Ägyptische Menschenrechtler schlagen Alarm "Unser Justizsystem wird zerschlagen"

Kairo · "Als Richter kannst du in Ägypten derzeit nur arbeiten, wenn du deine Augen vor der Folter verschließt." Negad el-Borai und 18 Menschenrechtsorganisationen in Ägypten schlagen Alarm - darunter so namhafte Institute wie das "Hisham Mubarak Law Center", das Zentrum für Frauenrechte und das "Cairo Institute for Human Rights Studies".

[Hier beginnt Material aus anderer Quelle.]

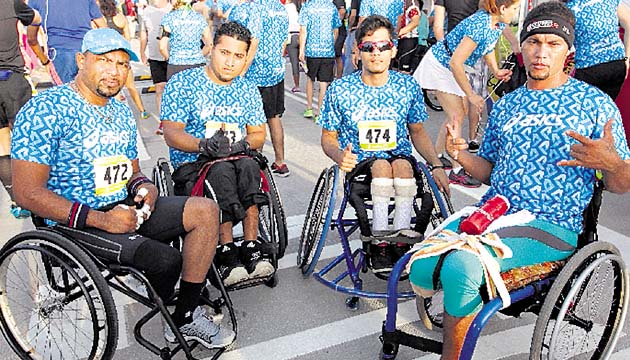 Coraje. Los atletas en silla de ruedas compitieron con el propósito de motivar a las demás personas con discapacidades, a que practiquen deportes.(Anayansi Gamez)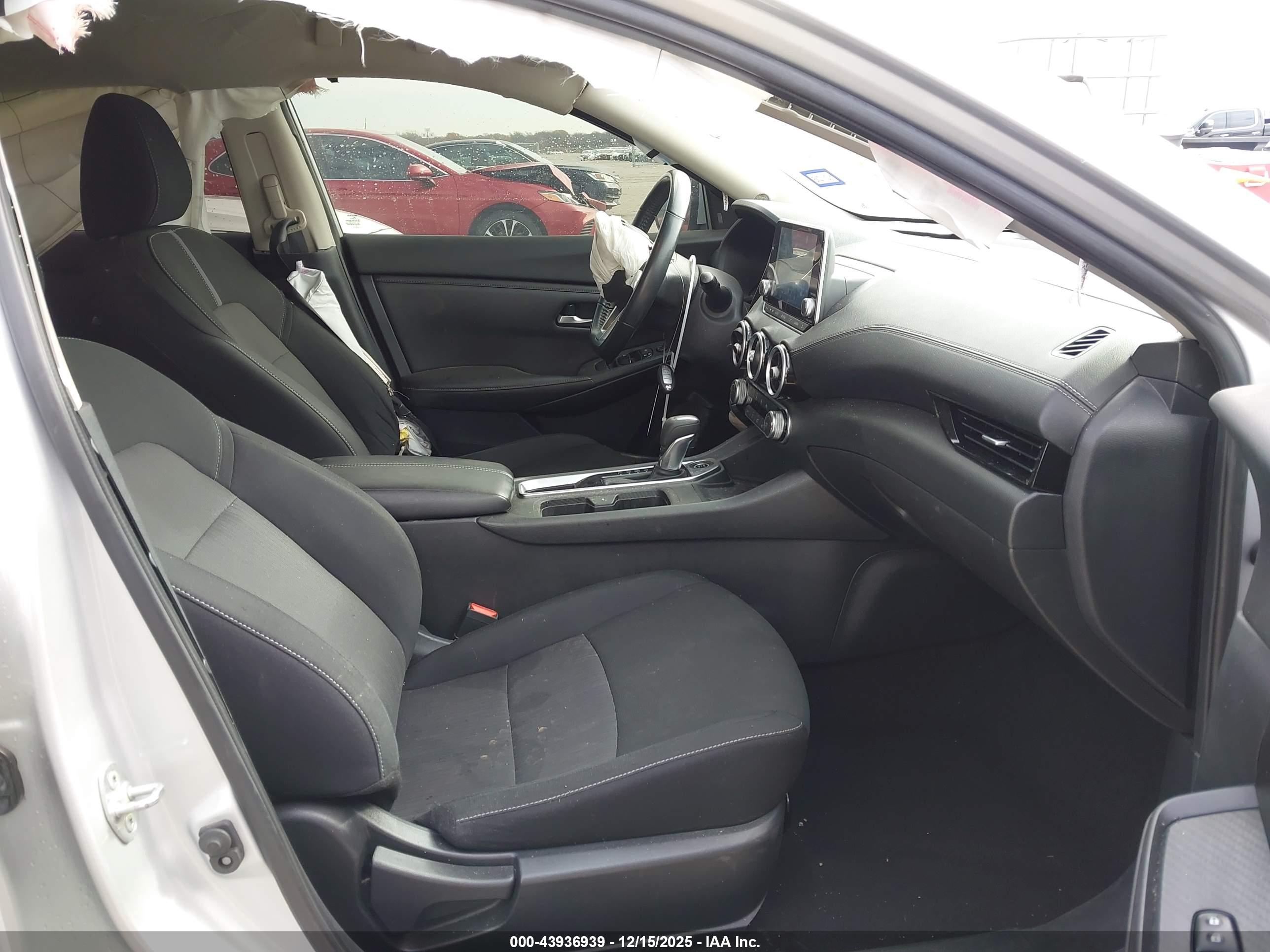 NISSAN SENTRA image 5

Letzteres hatte als erstes und lange Zeit einziges das brutale Vorgehen der Sicherheitskräfte gegen die Anhänger des gestürzten Präsidenten Mohammed Mursi kritisiert. Bei der gewaltsamen Auflösung der Protestlager im August 2013 sind fast 1000 Menschen ums Leben gekommen. Das Institut für Menschenrechtsstudien musste daraufhin sein Büro in der ägyptischen Hauptstadt schließen, arbeitet jetzt von Tunesien aus und prangert weiterhin Menschenrechtsverstöße in Ägypten an, die in letzter Zeit ungekannte Ausmaße annahmen.

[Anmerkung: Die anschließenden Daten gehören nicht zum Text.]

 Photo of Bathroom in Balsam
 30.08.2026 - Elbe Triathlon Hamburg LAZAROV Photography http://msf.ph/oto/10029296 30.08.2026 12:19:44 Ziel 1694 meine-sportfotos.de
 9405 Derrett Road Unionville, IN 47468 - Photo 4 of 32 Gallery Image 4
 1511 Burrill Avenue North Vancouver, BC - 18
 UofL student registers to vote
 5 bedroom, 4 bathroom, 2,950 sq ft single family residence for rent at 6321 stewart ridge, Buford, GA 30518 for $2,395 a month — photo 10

In den vergangenen 18 Monaten dokumentierte die Kairoer Anwaltskanzlei "United Group", der Negad el-Borai angehört, 465 Fälle von Folter in Haftanstalten und brachte sie zur Anzeige. Doch erst als zwei Richter sich der Sache annehmen wollten, schritt die Staatsmacht ein. Dies nicht etwa, um die Folterungen strafrechtlich zu untersuchen, sondern die Richter zu diskreditieren. Sie hätten mit einer illegalen Organisation zusammengearbeitet, hieß es.

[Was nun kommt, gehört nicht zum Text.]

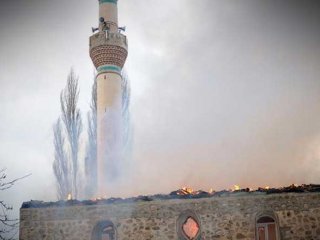 Tarihi Osmanlı camisi küle döndü!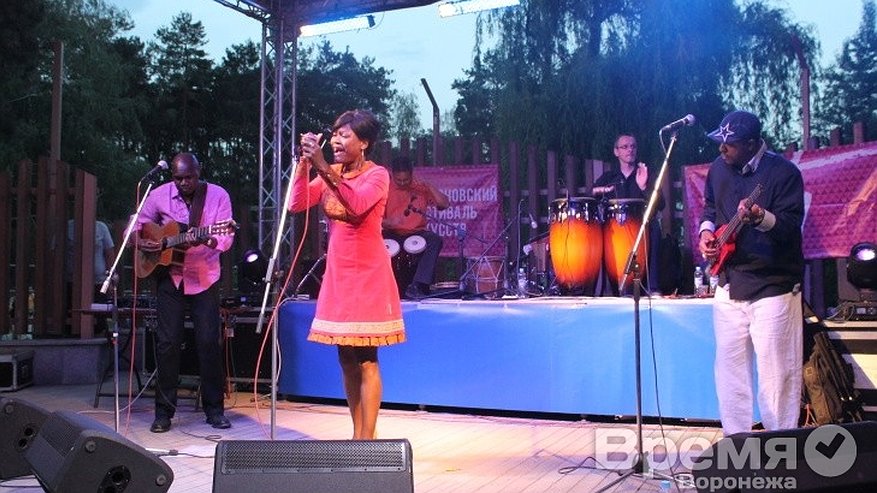 Главная картинка новости: В Воронеже Марлен Дорсена рассказала, почему важно делиться только положительными эмоциями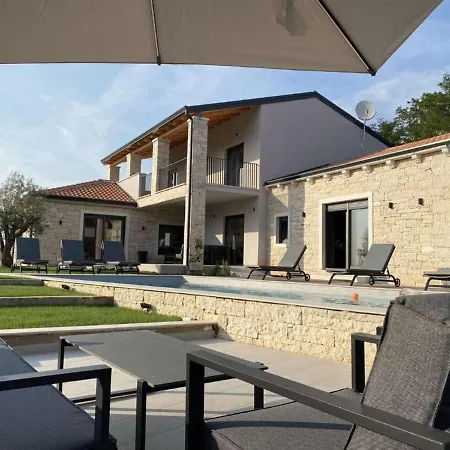 בית נופש Holiday Home Villa Harmony Tinjan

Rechtsanwalt el-Borai musste zum Verhör mit dem Staatsanwalt. "United Group”, eine seit 74 Jahren bestehende zivilgesellschaftliche Organisation von Anwälten, hat sich auf vielfältige Weise einen Namen gemacht. In Zusammenarbeit mit Richtern an unterschiedlichen ägyptischen Gerichtshöfen wurde über Jahre hin versucht, die juristische Situation zu verbessern und die Wahrung der Menschrechte durchzusetzen.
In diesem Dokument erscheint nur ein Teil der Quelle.